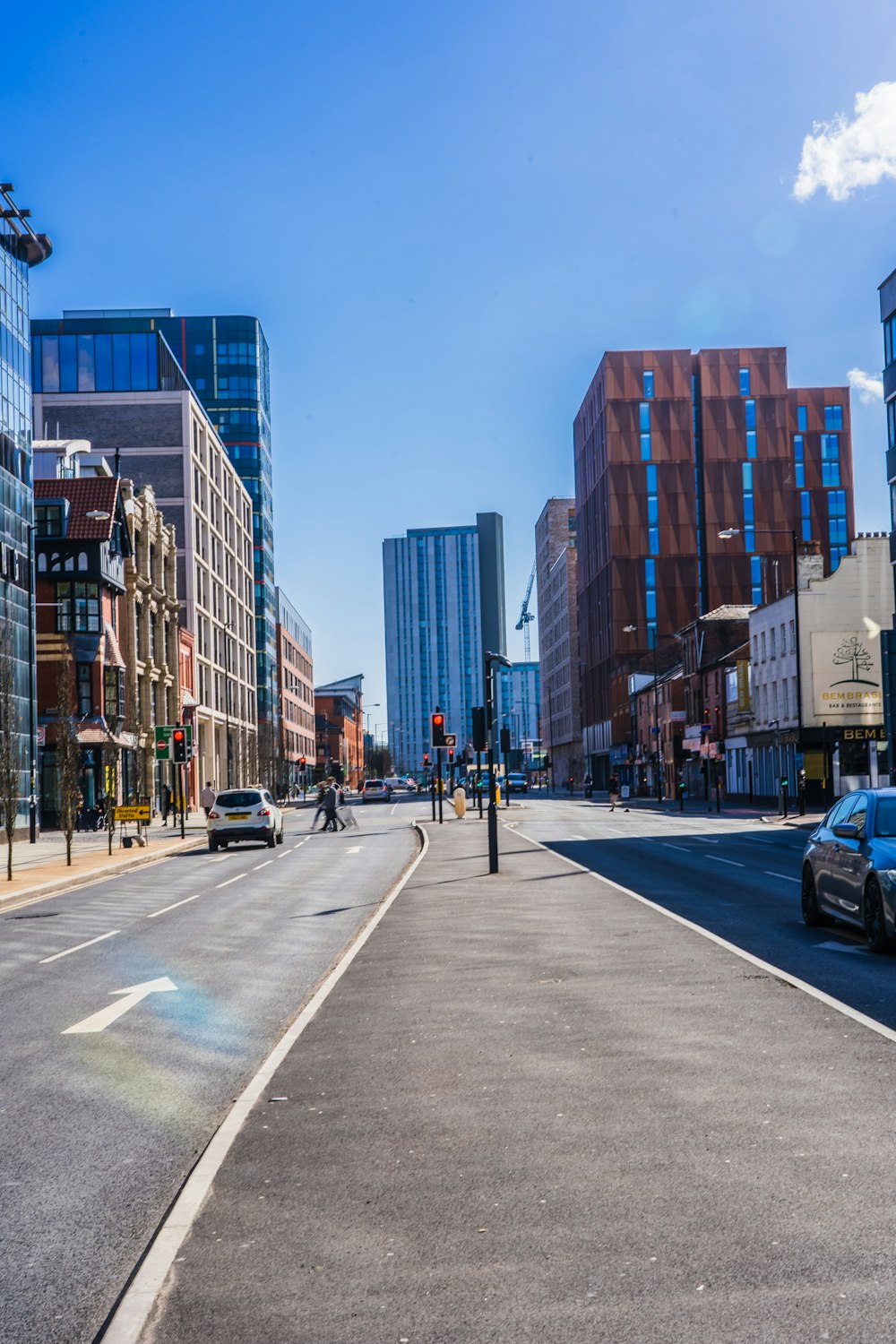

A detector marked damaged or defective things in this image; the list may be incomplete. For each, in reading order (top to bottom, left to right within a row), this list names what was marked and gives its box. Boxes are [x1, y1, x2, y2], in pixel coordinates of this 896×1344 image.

rusty corten steel building [573, 348, 853, 785]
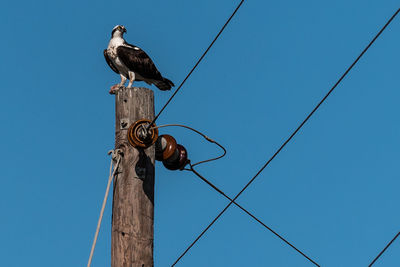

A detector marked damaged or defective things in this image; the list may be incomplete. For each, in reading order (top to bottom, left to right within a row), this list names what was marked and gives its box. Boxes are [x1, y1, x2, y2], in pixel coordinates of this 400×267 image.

rusty insulator [128, 119, 159, 149]
rusty insulator [155, 136, 177, 161]
rusty insulator [162, 146, 188, 171]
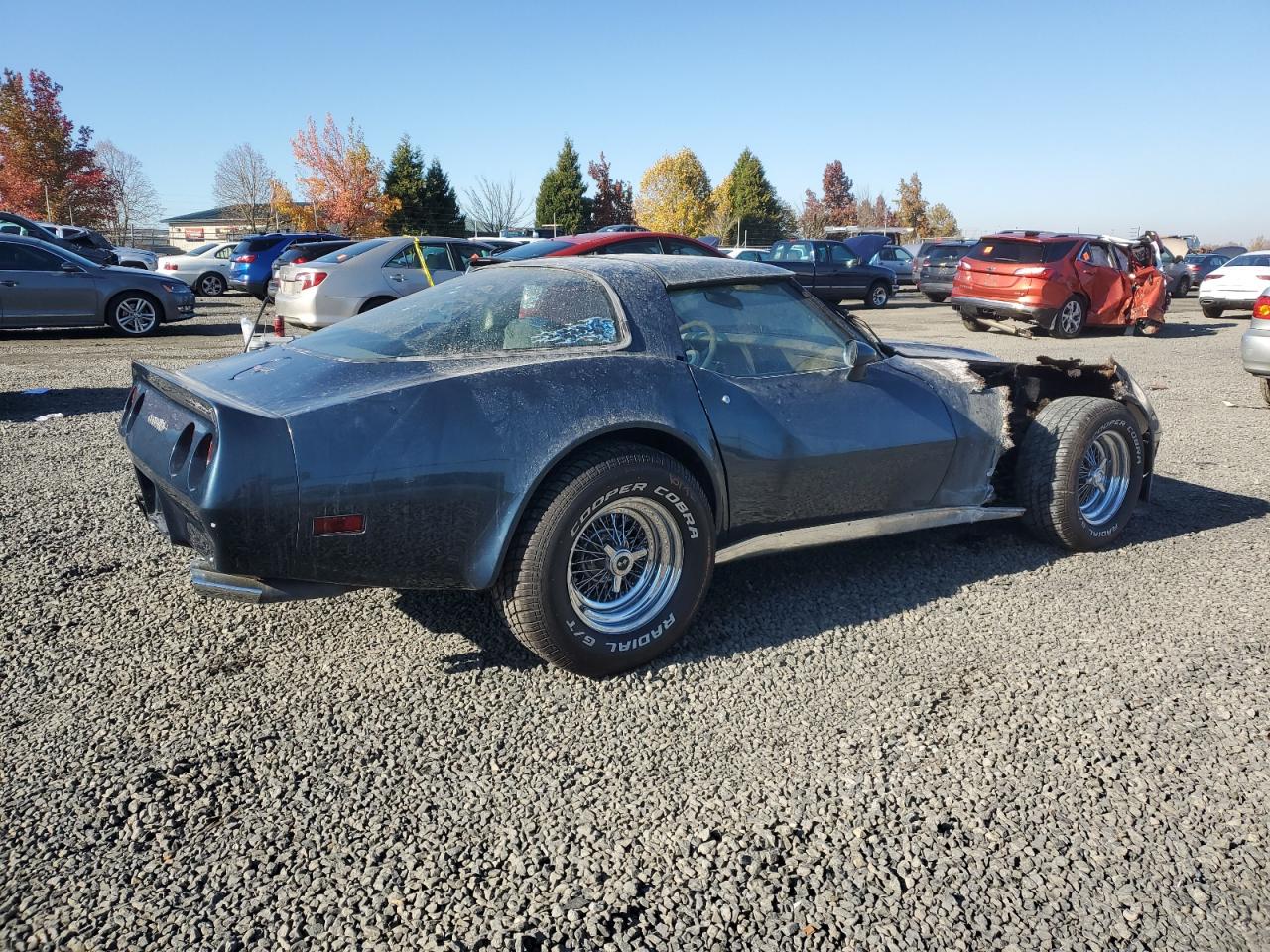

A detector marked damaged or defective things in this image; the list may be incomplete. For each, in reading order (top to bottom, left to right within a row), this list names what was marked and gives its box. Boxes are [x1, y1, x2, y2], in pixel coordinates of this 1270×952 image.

cracked rear window [292, 265, 619, 360]
red damaged suv [950, 230, 1137, 340]
damaged blue corvette [121, 254, 1163, 680]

◆ ◆ ◆

EXERCISE DETAILS — What is needed is an exact transcription of the lines from the one containing "this 400×267 image." through the last line of the records above, both included, with no pictures.

SOLUTION —
A detector marked damaged or defective things in this image; the list may be incomplete. For each, in reading order (top to bottom, left to right within a row), this list names what was marked and gives its box. Boxes are [x1, y1, x2, y2], in pixel coordinates of this 400×267 image.

rusty insulator [128, 119, 159, 149]
rusty insulator [155, 136, 177, 161]
rusty insulator [162, 146, 188, 171]

A detector marked damaged or defective things in this image; the list may be incomplete. For each, in reading order (top to bottom, left to right within a row), this list names what was marked and gives its box. Boxes are [x1, y1, x2, y2], in pixel coordinates of this 1270×952 image.

cracked rear window [292, 265, 619, 360]
red damaged suv [950, 230, 1137, 340]
damaged blue corvette [121, 254, 1163, 680]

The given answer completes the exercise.